Comment 4 Keith Rollin 2016-06-13 08:45:13 PDT 
Yeah, I wondered that, too. It may have to do with how the compiler handles optimizing the assigning of the result of adoptRef() to "tmp" in release(). If it uses the move constructor, then we have the recursion problem. If it uses the "construct the result in the caller-provided variable" optimization, then we won't.

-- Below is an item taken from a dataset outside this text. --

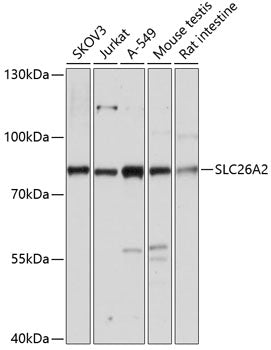 SLC26A2 Rabbit pAb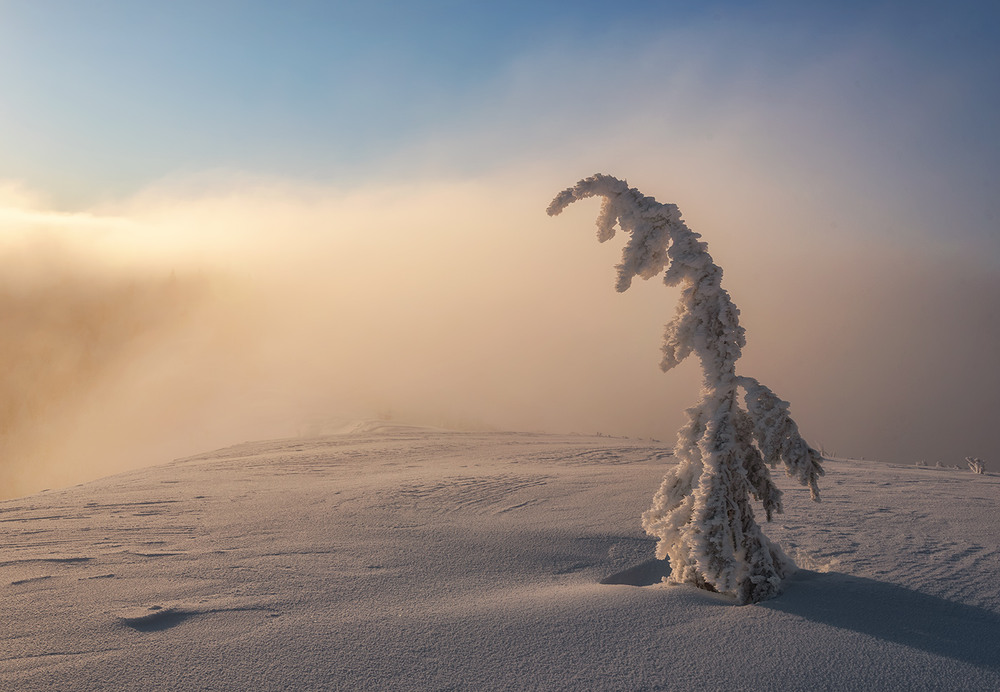 Фотографія Пейзаж / Михайло Пецкович / photographers.ua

So I can see how different compilers could have different results. What I'm wondering is why we're only seeing it in MiniBrowser and not all over the place on Windows.
Comment 5 Chris Dumez 2016-06-13 09:02:48 PDT 
Comment on attachment 281165 [details]
Patch

R=me
Comment 6 WebKit Commit Bot 2016-06-13 09:26:14 PDT 
Comment on attachment 281165 [details]
Patch

Clearing flags on attachment: 281165

Committed r201991: <http://trac.webkit.org/changeset/201991>
Comment 7 WebKit Commit Bot 2016-06-13 09:26:21 PDT 
All reviewed patches have been landed.  Closing bug.
Comment 8 Fujii Hironori 2016-06-13 18:54:18 PDT 
Release build has no problem.

All programs (MiniBrowser DumpRenderTree, TestWTF, TestWebKit, jsc, testapi, testRegExp) of Debug build have the problem.